I’ve had a few MacBooks in my stint as a self-proclaimed Apple fanboy, so I feel that I have at least a small amount of insight into the path Apple has taken over the last 6 years or so in regard to lineup and model placement. I started with a 13” white clamshell MacBook and currently work on a 15” Core i7 MacBook Pro and had a good couple others in-between. Prior to my history with Apple notebooks there was a single MacBook line, even if it wasn’t called a MacBook.
As the years have passed Apple has moved from the polycarbonate MacBooks and aluminum MacBook Pros to an all-aluminum lineup, and a few years ago they even introduced the MacBook Air. Currently your choices for a notebook from Apple are the MacBook Pro, available in 13 or 15-inch displays and the MacBook Air which is available in 11 or 13-inch models. Apple condensed its lineup to this more tight-knit family of notebooks to help show the benefit of each model and to better align customers to the model they need, which is a good thing. Within these two models however there is an assortment of sub-models. The question is, with technology catching up to itself, are these models really necessary and could Apple move to a single MacBook Line?
The MacBook Air
Sure, there are some things you can do on a MacBook Pro that you can’t do on a MacBook Air, but for the average consumer these are few and far between. The MacBook Air has inadvertently become the entry-level model of Apple notebook computers with the 11” model being just within reach of students and newer workers. This isn’t to say the 11” MacBook Air is cheap, but it’s the least expensive of the bunch.
The 13” Air comes with a 1.3GHz dual-core Intel Core i5 processor, 4GB of memory and a 256GB flash hard drive for about $1,300. You can up all of these stats for more money, but for the regular everyday Apple user, these are pretty good. Even if you up these to the Core i7, 512GB hard drive and 8GB of RAM you’re still under $2,000. Now, the graphics card is definitely less powerful and will only run a single Thunderbolt display, but not too many people looking at the Air will ever think of using two Thunderbolt displays. The HD Graphics 5000 card from Intel will be more than enough for even intensive video editing.
The MacBook Pro
The big kid on the block of course is the MacBook Pro. This beast of a notebook is available in 13 or 15-inch varieties and can have a 2.8GHz Core i7 processor, 16GB of RAM and 1TB of flash storage. This is obviously a lot beefier than the Air could be, but at just under $2,700, it’s a lot more expensive, too.
The video card in the MacBook Pro allows you to do full-screen video editing on two Thunderbolt displays while using the MacBook screen as well. This notebook is obviously aimed at someone far more, well, pro than the Air is. This leaves you to wonder, why do we need 5 different MacBook Pro and 2 Different MacBook Air models?
I believe that within two years Apple will merge the Air and Pro lines to make a single line of notebooks.

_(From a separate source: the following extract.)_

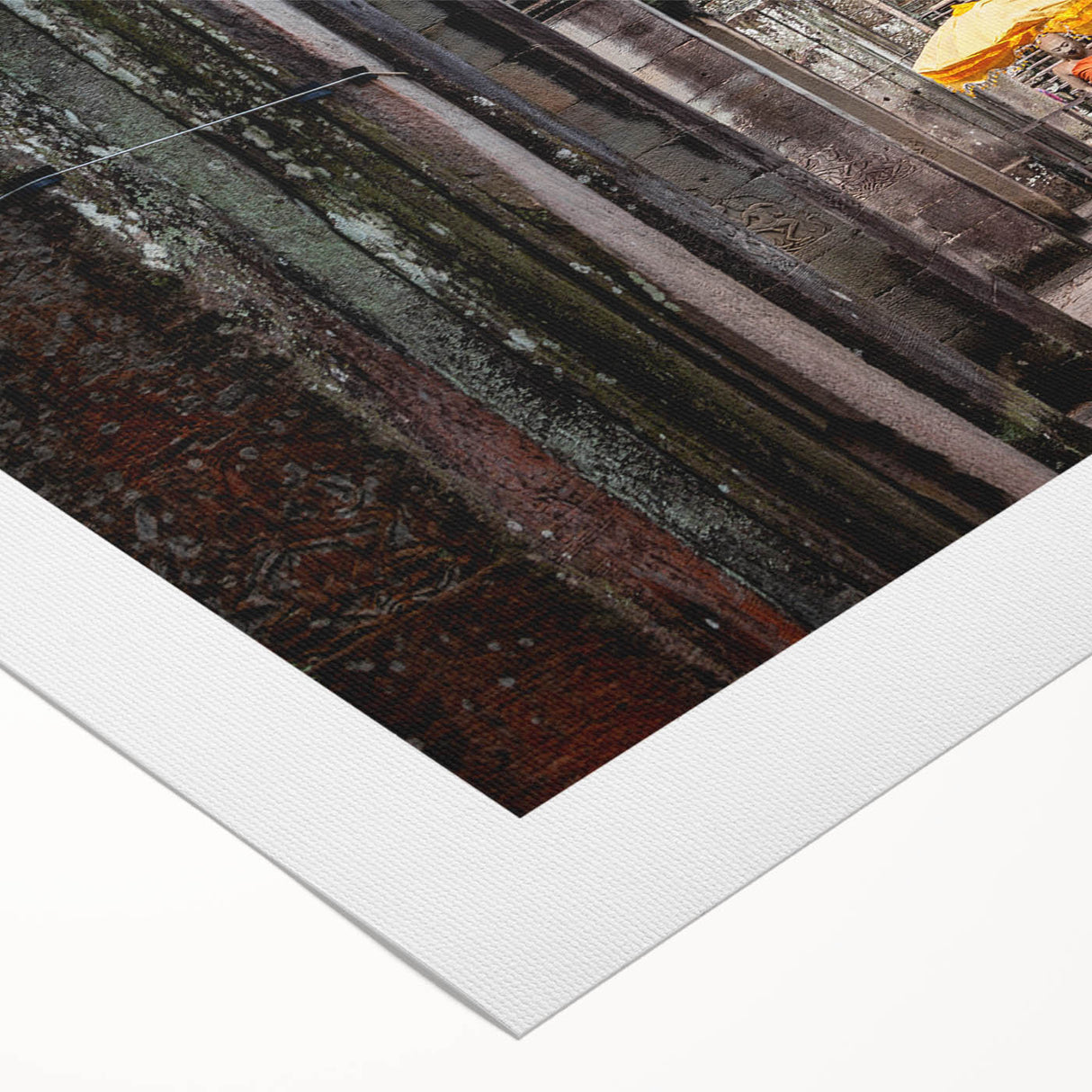 Art deco poster of a Cambodian landscape on rolled canvas, in muted earth tones, ideal for dining room wall art.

The technology behind both product lines is starting to blur and it only makes sense to make things easier and less cluttered; something Apple is known for.
I propose that Apple will have three total notebook computers by 2015, possibly sooner. All will feature the wedge shape of the MacBook Air and the processing power of the MacBook Pro. The other features will be add-ons you can get when purchasing the computer from Apple at time of order.
The models I believe Apple will do this with are the 11-inch, 15-inch, and 17-inch. Currently Apple doesn’t offer a 17-inch MacBook Pro, possibly due to lack of demand and possibly due to cost of making Retina displays for a screen this large. Either way, with screen technology advancing I believe the 17-inch Pro will make a comeback. The 13-inch model will go the way of the buffalo, as it just isn’t a useful screen size when the 15-inch will be just as thin. The diminutive 11-inch is a great way to get future fanboys and fangirls into the Mac world, and it’s just easy to carry around.
The waters have become muddied as of late with multiple models of each major piece of the product lineup for Apple and something needs to be done to simplify things. This merging of notebooks is exactly what Apple needs to make the computer buying process a little easier and smoother.
Wins and Losses
Sure, the 15 and 17-inch MacBook Pros will have to lose some ports, but the smaller wedge-shape will give it a better look, feel, and as they’ve proven in the past Apple isn’t afraid to cut out components for aesthetics.
The lineup as a whole would win, however, as better processors would abound and parts would be more standardized. Instead of multiple models Apple might even offer a color or two, just like the iPhone 5S (no, I doubt we’ll see rainbow polycarbonate MacBooks any time soon)
Apple would be wise to tighten up their product lines and focus more on profitability and less on having so many models. While Apple still uses far fewer models than its competitors, history has shown that Apple does best with fewer choices and a pre-planned model lineup that is easy for a non tech-savvy customer to navigate.
By cleaning up their notebook product lineup, Apple will be back to the roots that made them as strong as they are today. In reality, I doubt this would really happen. The 17-inch MacBook Pro may never be revived, but as someone that loved the 17” machine I can hope.